WDR Sinfonieorchester in Berlin: Im innersten Kreis

Ganz alte Schule: Marek Janowski und das WDR Sinfonieorchester mit einem reinen Beethoven-Programm in Berlin.

Ein so gediegener Abend mit klassischer Musik, dass es schon fast ans Altmodische, ja Bräsige grenzt: mäßig besetzter Saal. Ein Solokonzert von 1803, eine Symphonie von 1804. Wohlwollender Applaus mit einzelnen Juchzern, ein straff gebundener Blumenstrauß für den Solisten. Beethoven von früh bis spät, also von Anfang bis Ende des Programms – nur die Zugabe, die Seong-Jin Cho spielt, stammt von Mozart. Wenn es erlaubt wäre, Konzerte zu personifizieren, würde man mit Blick auf diesen Abend in der Philharmonie Georg Büchner zitieren, „er tat alles, wie es die andern taten, es war aber eine entsetzliche Leere in ihm“.

Marek Janowski, der gerade seinen 80. Geburtstag feierte, und das WDR Sinfonieorchester, mit dem er in diesen Tagen auf Geburtstagstournee ist, haben diese Zuschreibung selbstverständlich nicht verdient. Im Gegenteil, der Maestro kehrt mit dem Auftritt ja an die alte Stätte seines Wirkens zurück, war er doch von 2002 bis 2015 Chef des hiesigen Rundfunk-Sinfonieorchesters. Und die Zuneigung des Berliner Publikums ist auch jetzt noch zu spüren, genauso wie der Ruf, den sich der 1994 geborene Cho am Klavier erspielt hat, nicht zuletzt als Gewinner des Chopin-Wettbewerbs 2015.

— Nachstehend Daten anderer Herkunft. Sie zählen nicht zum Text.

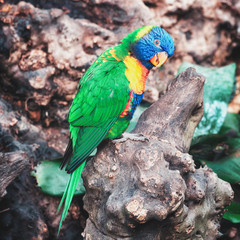 The Coconut lorikeet in the rainforest in the covered park the Orchideeën Hoeve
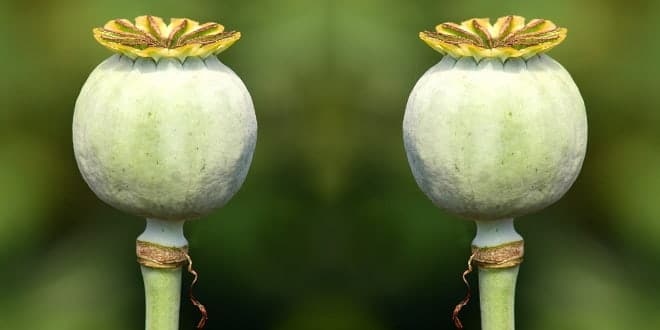 Foodelphi.com poppy haşhaş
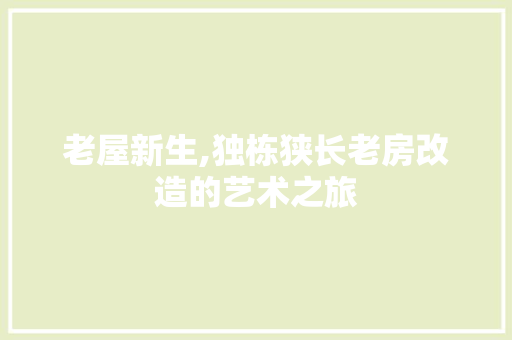 老屋新生,独栋狭长老房改造的艺术之旅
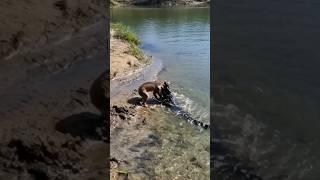 Lion Vs Crocodile #lion #vs #crocodile #how #to #attack #short #shorts #how #elephant #youtubeshorts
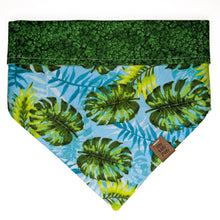 Load image into Gallery viewer, Palm Tree Pet Bandana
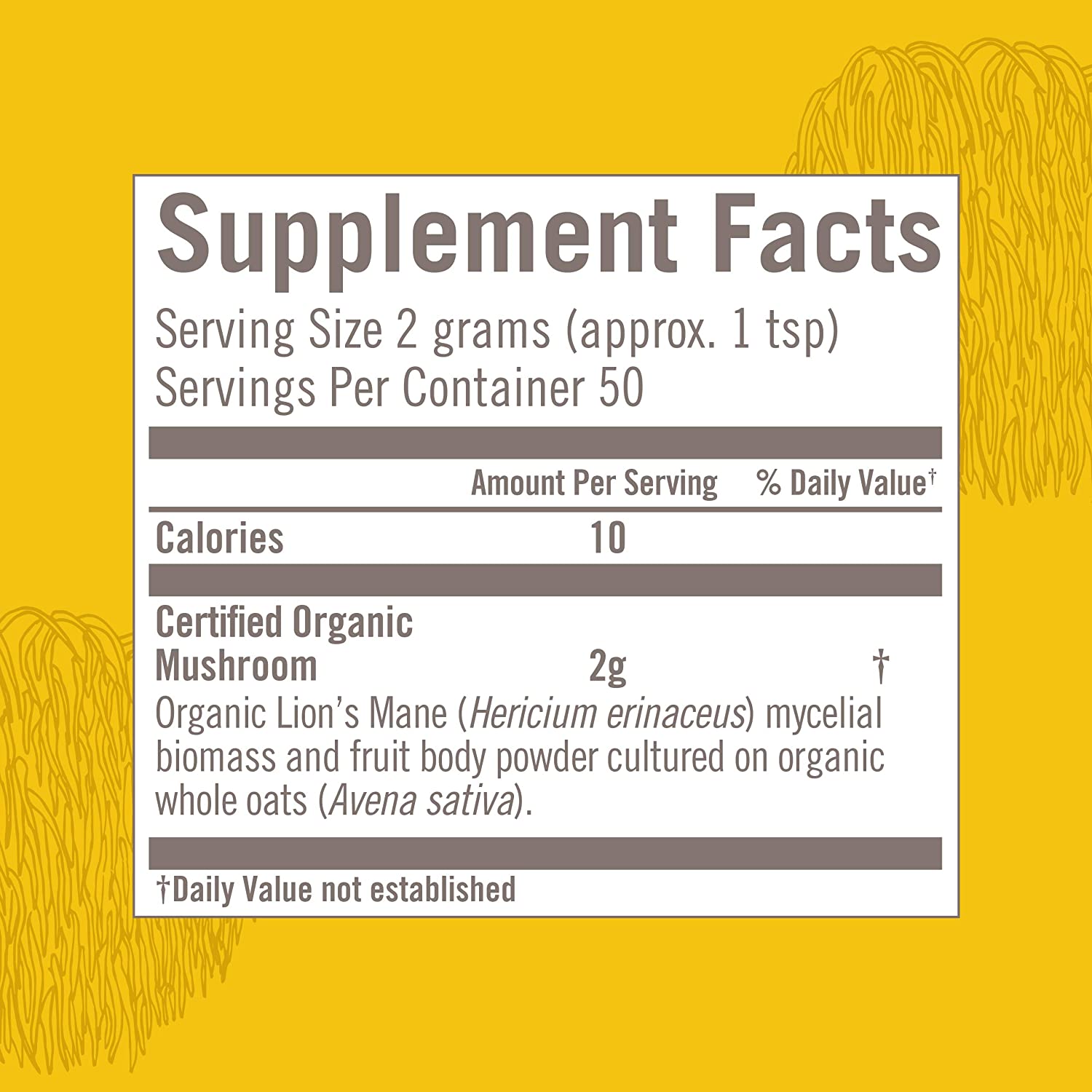 Om Mushroom Superfood Lion's Mane Organic Mushroom Powder 3.5 Oz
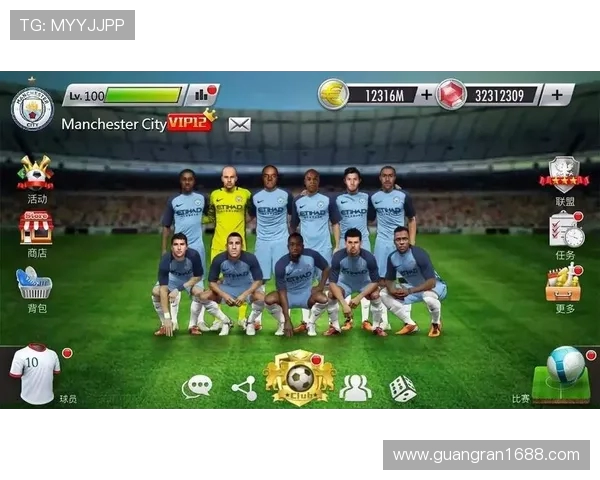 关于购买英超足球队题材小说推荐及精彩情节介绍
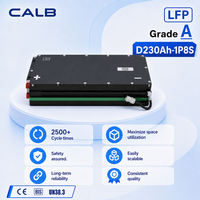 Module CALB D230AH-1P8S 25.6V 230Ah LiFePO4 5.88kWh avec BMS à détection FPC, prêt pour système de batterie de véhicule électrique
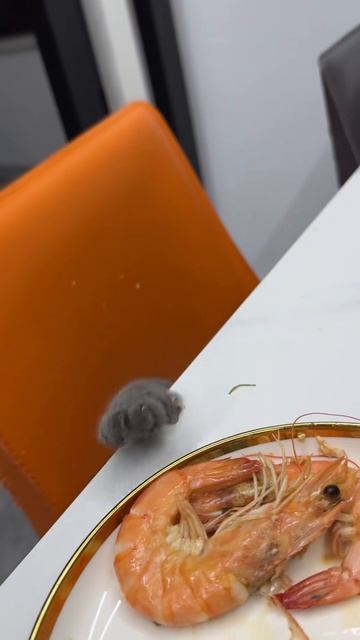 Кот Приколы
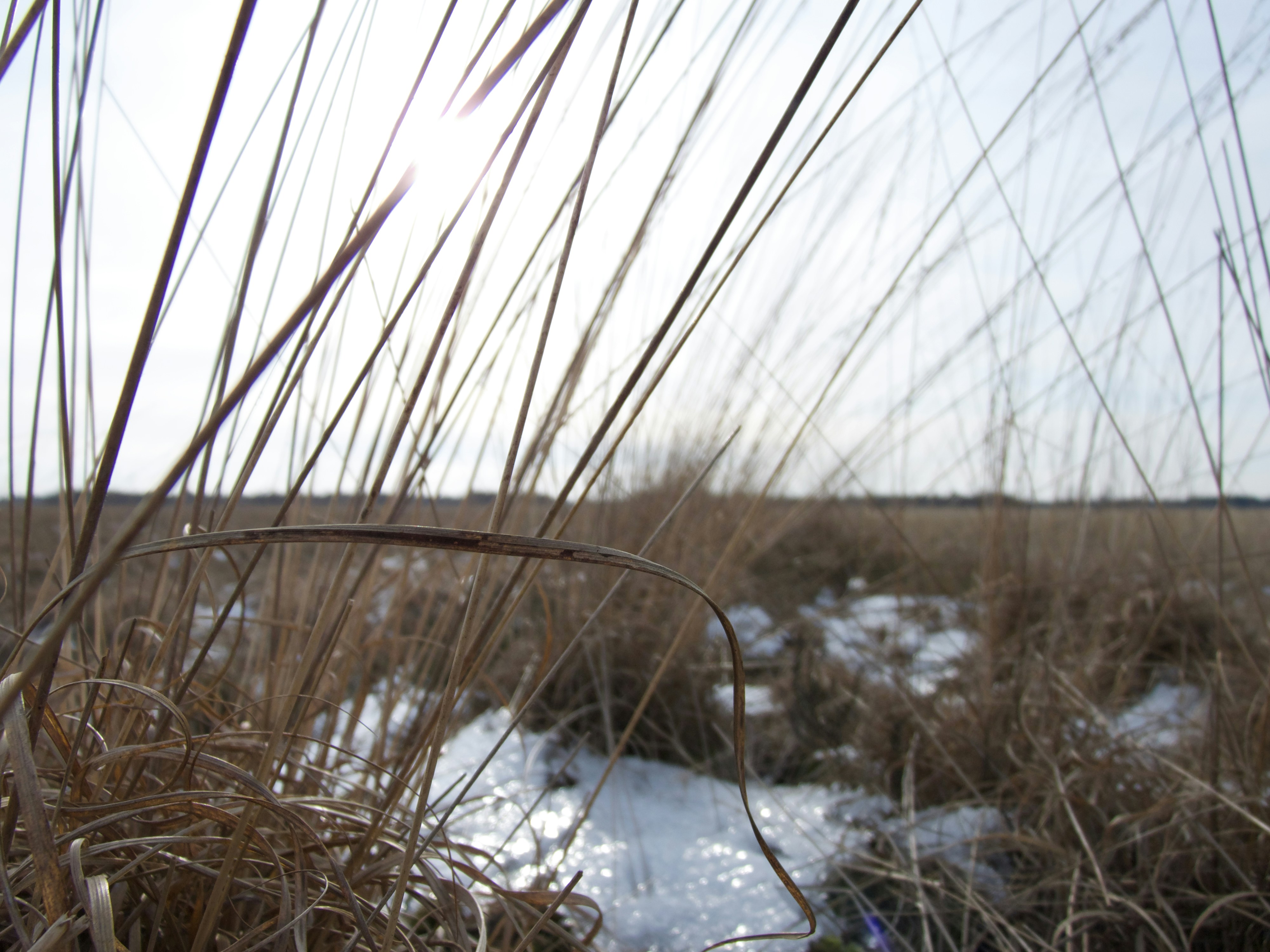 Photo by this_is_pvb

Am Ende droht Verzettelungsgefahr

Allerdings kommt Cho bei Beethovens drittem Klavierkonzert gar nicht zum Zuge. Stattdessen ergibt sich die paradoxe Situation, dass ihm selbst der Solopart zu wenig Raum bietet. Schon überlegt man, ob die ganze Gattung einfach nichts für Cho ist, ob dieser vielleicht eher für einsame Recital-Abende geschaffen ist, bei denen sein klarer Anschlag, die makellose Technik, die kleinen, gelackten Raffinessen besser zur Geltung kommen – da beginnt der zweite Satz. Und Cho spielt ihn zu Anfang ganz allein, mit so schönen Echo- und Sehnsuchtseffekten und vielfarbigen Akkorden (die selbst nach dem Anschlag noch weiterzubrummen scheinen), dass man auf einmal gewahr wird, dass dieser Pianist einfach viel besser ist als dieses Orchester, das Cho bloß eine halbe Stunde lang zudeckelt mit Gewöhnlichkeit und Ideenlosigkeit.

Stimmiger gerät erwartungsgemäß die „Eroica“. Für Janowski, ganz alte Schule, stellt Beethovens Dritte gewiss das Innere des Kernrepertoires dar. Und sicher, die fugierten Passagen im Trauermarsch entfalten wie immer automatische Sogwirkung. Das Scherzo hebt geradezu raschelnd an, um dann schnell zu großer Geste aufzuklappen. Im ersten und letzten Satz aber droht Verzettelungsgefahr, sodass man unversehens nicht nur an den hohen Ton des Werkes denkt, sondern auch an die hohen dirigentischen Ansprüche, die es stellt.